Payment Handling Code Question

hadoob024

OK. I have a real estate listing site where searches are for free, but we charge the customer to list their property. Here's how I'm setting up my site:

Add Listing p.1 - Customer enters listing type (to determine how much to charge customer). Form action sends control to Add Listing p.2.

Add Listing p.2 - Customer enters payment info on a form on our site. The action of the form sends the information to the merchant account payment gateway. The return value of this determines whether or not the payment went through.

If payment goes through, we send control to:
Add Listing p.3. - Customer enters in listing info. The action of the form sends control to Add Listing p.4, which basically is a confirmation that the info was added to the db and that the payment went through.
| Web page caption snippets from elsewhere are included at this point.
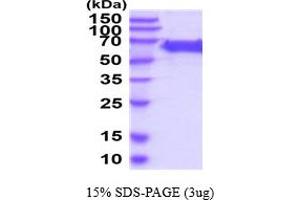 SDS-PAGE (SDS) image for Dopachrome Tautomerase (DCT) (AA 24-472) protein (His tag) (ABIN5854719)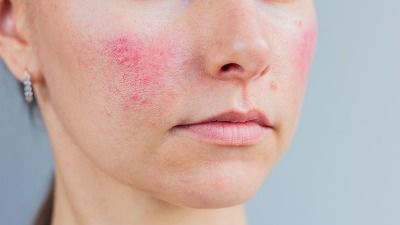 LICE VAM POCRVENI kada pijete alkohol? Lekar otkrio UZNEMIRUJUĆU ISTINU 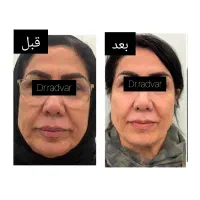 اندولیفت صورت و بدن با دستگاه یوفوتون ایتالیا|خدمات آرایشگری و زیبایی|کرج, شهرک مترو|دیوار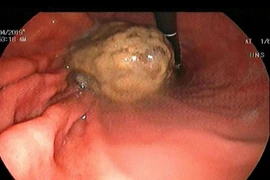 Đọng u bã thức ăn vì chăm ăn nghệ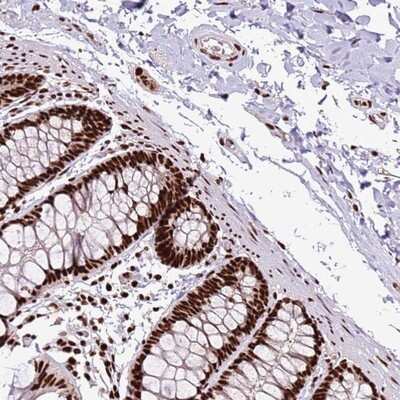 Immunohistochemistry-Paraffin: C6orf226 Antibody [NBP1-91739]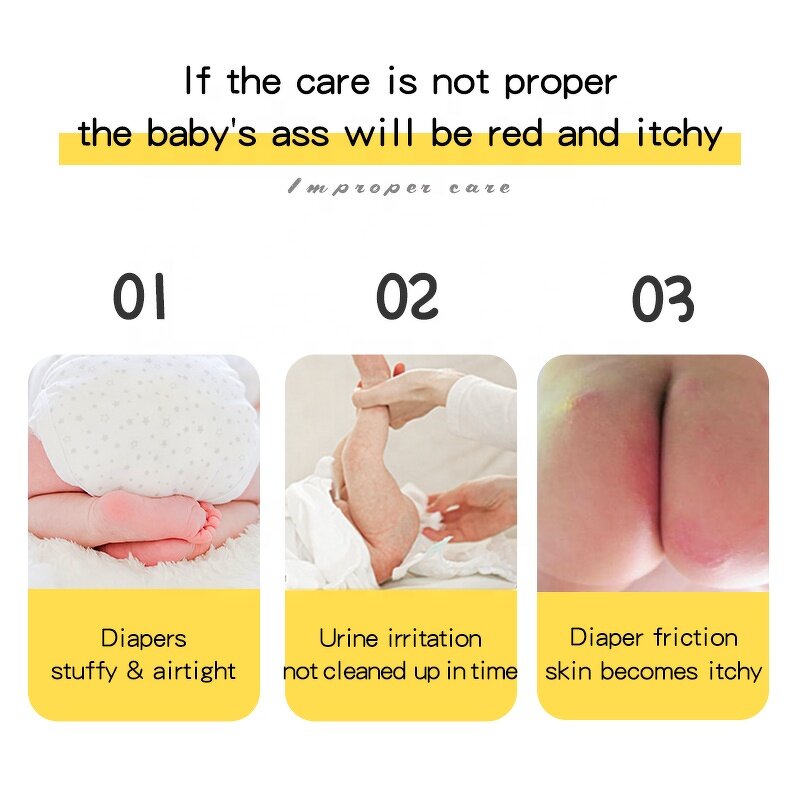 Baby Diaper Cream Manufacturer - Healing Ointment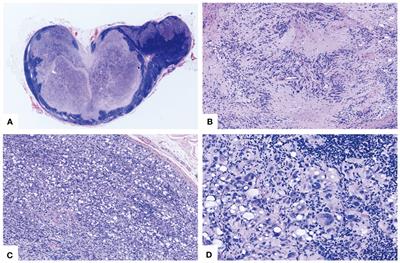 Primary lipoblastic nerve sheath tumor in an inguinal lymph node mimicking metastatic tumor: a case report and literature review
Basically, I want to know is how can I prevent anyone from accessing Add Listing p.3 without getting a 'yes' confirmation from the payment gateway? Like I don't want someone to try and access Add Listing p.3 by directly entering the URL, thus bypassing the payment part. Any thoughts?

sneakyimp

Your payment step should store something in a database. Page 3 should check that the appropriate record is in the database before showing anybody anything. You should pick your payment gateway and go ask them about how their gateway works. Paypal IPN would work. Or Paypal Website Payments Pro would also work but both of those solutions can be really complicated to figure out because the documentation SUCKS.
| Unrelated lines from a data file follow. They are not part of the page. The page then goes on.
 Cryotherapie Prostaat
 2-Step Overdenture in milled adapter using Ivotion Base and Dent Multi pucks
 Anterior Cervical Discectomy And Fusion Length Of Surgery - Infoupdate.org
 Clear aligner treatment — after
Authorize.net is also a decent solution.

Also, were it up to me, I would let the user enter their listing first and only activate it once they've paid.

hadoob024

That's what I was thinking too. I haven't finished going through all the docs for the merchant account. We're using LinkPoint through CardService International. Maybe I'll ask them if there's any kind of specific info they send that I can check before loading Add Listing p.3? What about using SESSIONs instead of loading the info into a db?

sneakyimp

Sessions can work too I think but if you must hand off your user to the other site the session can get dropped if they have cookies turned off. Given that money is changing hands, I would advise you to try and store all the related info you can somewhere for reference in the event of a problem or dispute. It's often very helpful for troubleshooting.

hadoob024

Hmmm... This is getting trickier than I had originally thought. Well, what I was going to is the payment first, and then go to the listing information. Once the info is submitted, I send myself an email with the listing information. Once the info gets added to the db, I send myself another email saying that it was successfully added to the db (that way if something gets messed up after the payment goes through, I have all the listing info which I can add to the db manually in the event of a screwup). And this will send me to the listing added/payment went through confirmation page. How about that?

sneakyimp

Most of the payment gateway stuff I have seen allows you to have 'pass-thru' variables. Meaning that when you hand them off to the payment site they get returned to your site with those variable in POST or GET data so you can resume what you are doing. The techniques are different for different gateways so read your docs.

hadoob024

OH really?!? Sweet! Yeah, that pass-thru stuff would help out IMMENSELY! I was trying to figure out a good way to figure out how to commit the payment stuff and the listing stuff without getting screwed by either the payment stuff not working or the listing stuff not working. Yeah, I'm still going through their docs right now and haven't gotten to that part. That sounds like the best solution though.

Think it'll work if one of the listing form fields is an image file upload? And I'm also thinking about the fact that I do my listing verfication using PHP. So what happens if the payment goes through, and when control is returned to my script, there was a problem with one of the form fields? If I send them back to the form, then won't the payment go through again?

Or could I have the form action to go Add Listing p.2. I then can verify the form info, and if it's correct, then maybe I could re-direct them to the payment gateway? Damn, I think I'm confusing myself again.